*** Exercise material Section Begins ***

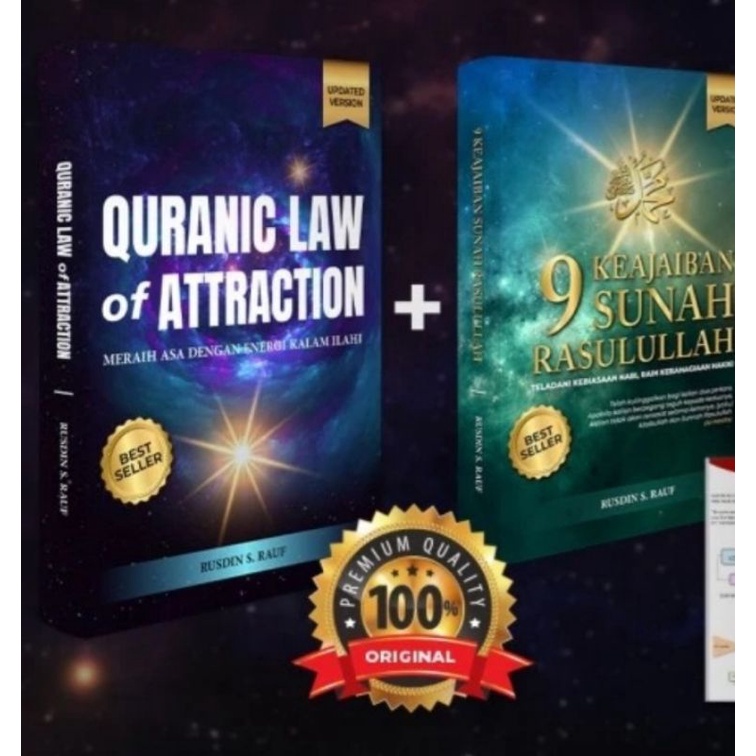 Jual QURANIC LAW OF ATTRACTION DAN 9 KEAJAIBAN SUNNAH RASULULLAH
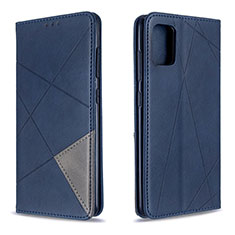 Custodia Portafoglio In Pelle Cover con Supporto B07F per Samsung Galaxy A51 4G Blu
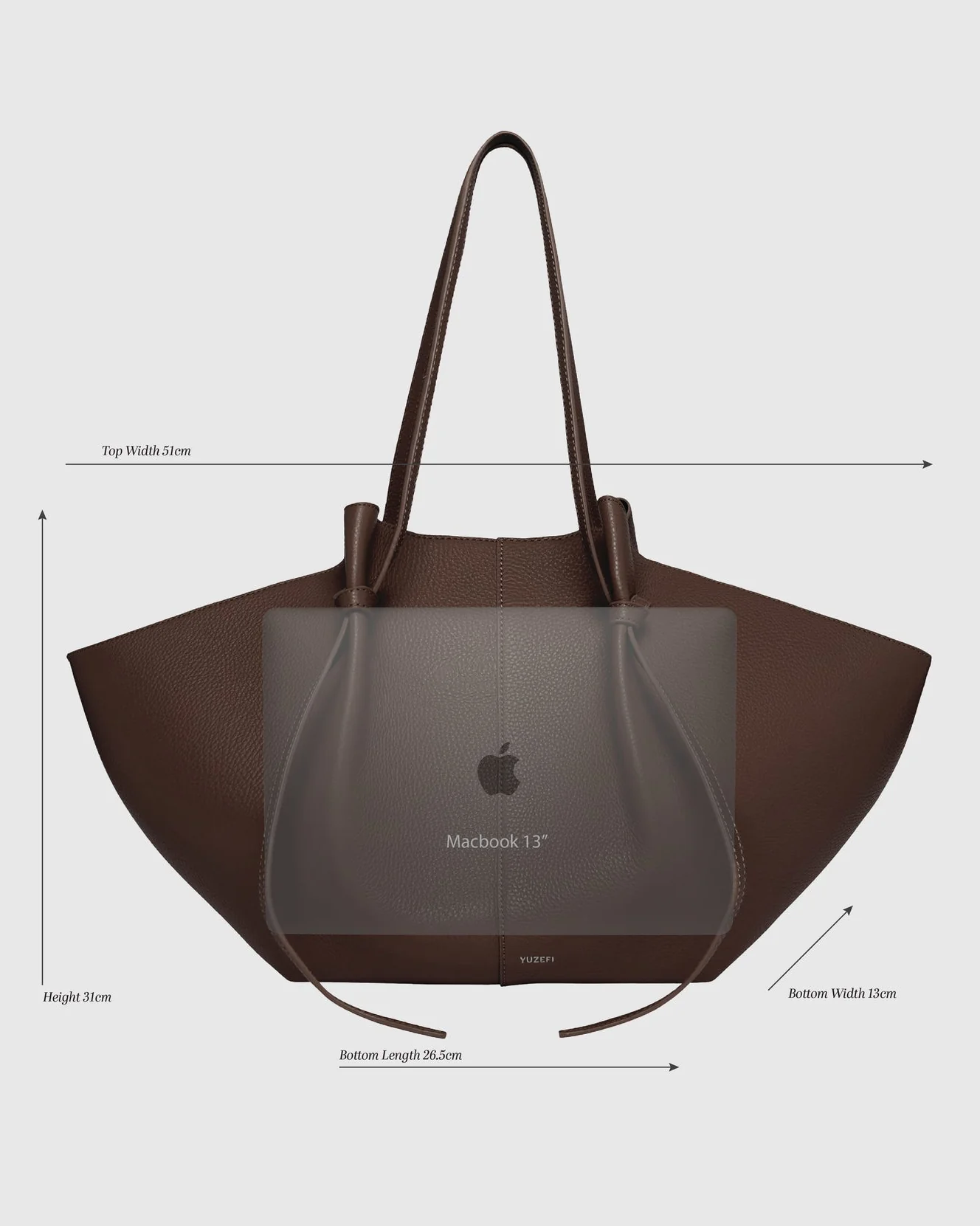 Large Mochi | Fudge Woven Raffia - Image 4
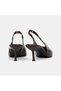 Women's Brown Gold Buckled Pointed Toe Heeled Evening Dress Shoes - 5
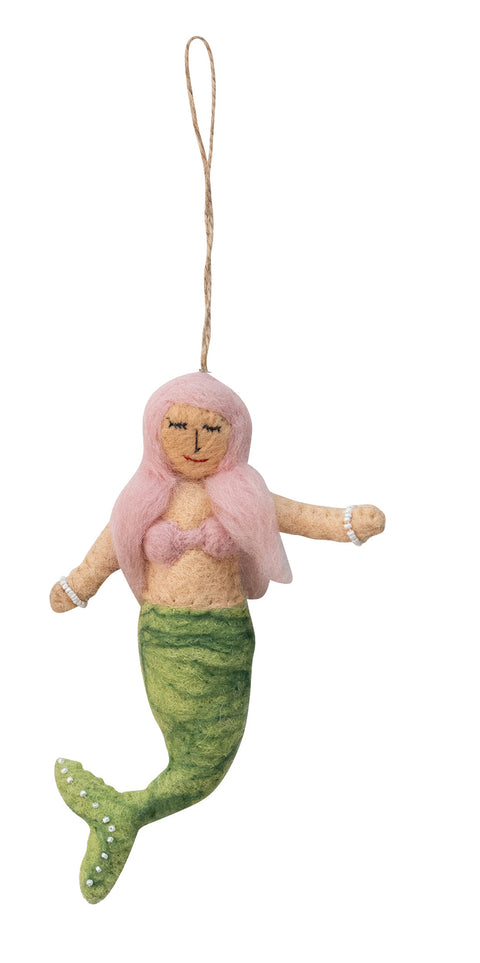 Felted Mermaid Ornaments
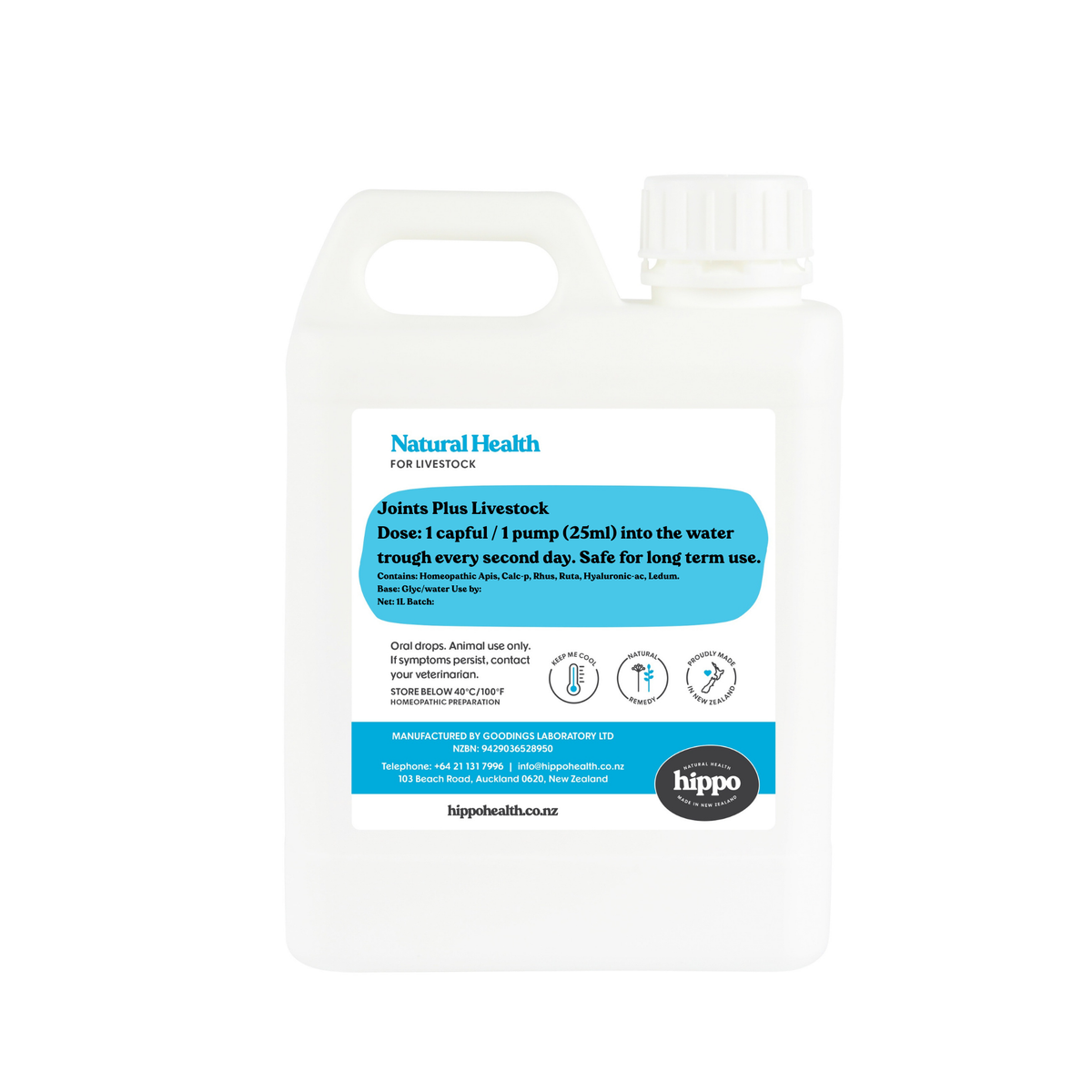 Hippo Health Joints Plus Livestock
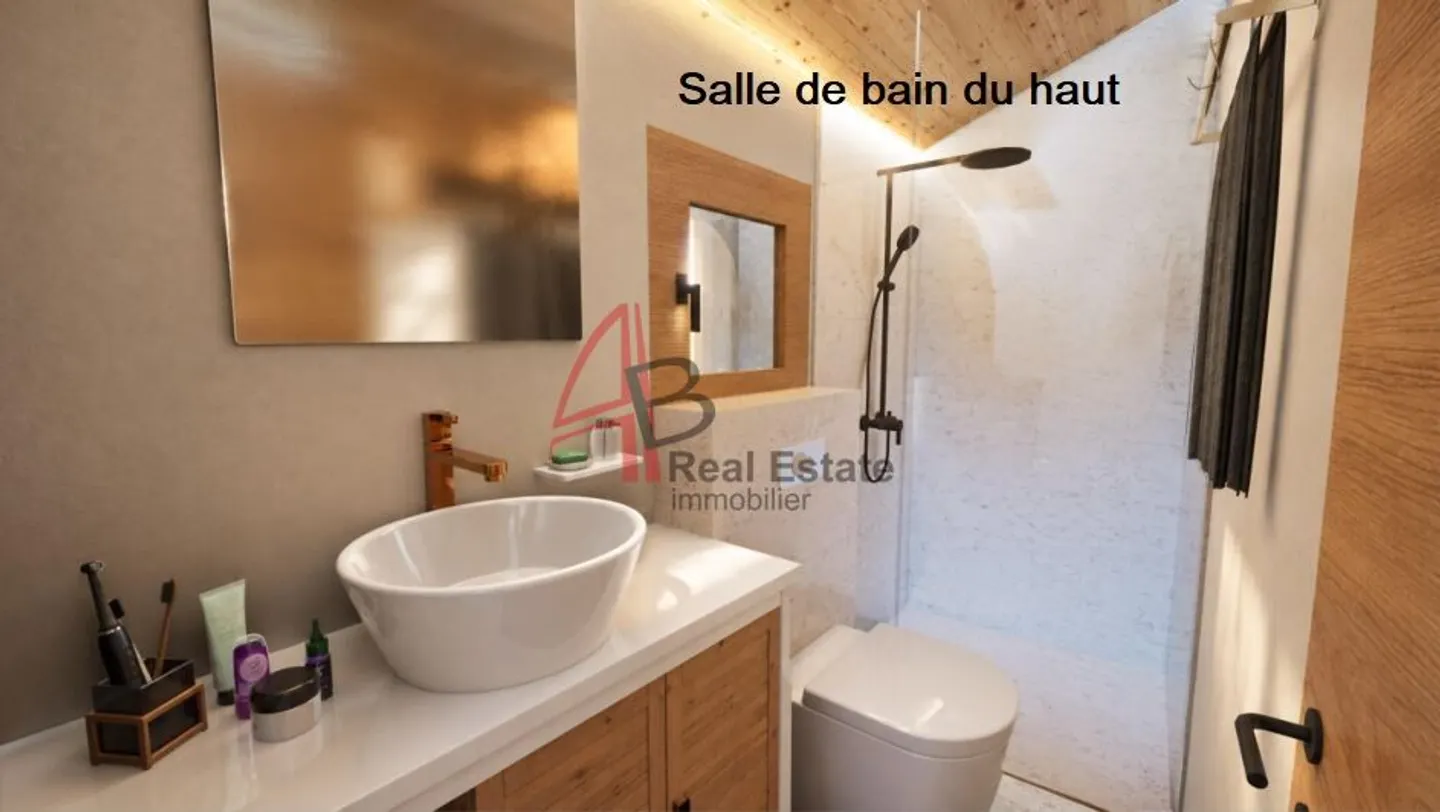 Villa contemporaine de 5,5 pièces - 4 chambres, cave extérieure, forêt privée et vue panoramique - Chemin-Dessus (Val de Bagnes) - Foto 9 di 13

*** Exercise material Section Ends ***

### [Directions]
All records above should be duplicated exactly, with the pictures omitted.

### [Written solution]
 Jual QURANIC LAW OF ATTRACTION DAN 9 KEAJAIBAN SUNNAH RASULULLAH
 Custodia Portafoglio In Pelle Cover con Supporto B07F per Samsung Galaxy A51 4G Blu
 Large Mochi | Fudge Woven Raffia - Image 4
 Women's Brown Gold Buckled Pointed Toe Heeled Evening Dress Shoes - 5
 Felted Mermaid Ornaments
 Hippo Health Joints Plus Livestock
 Villa contemporaine de 5,5 pièces - 4 chambres, cave extérieure, forêt privée et vue panoramique - Chemin-Dessus (Val de Bagnes) - Foto 9 di 13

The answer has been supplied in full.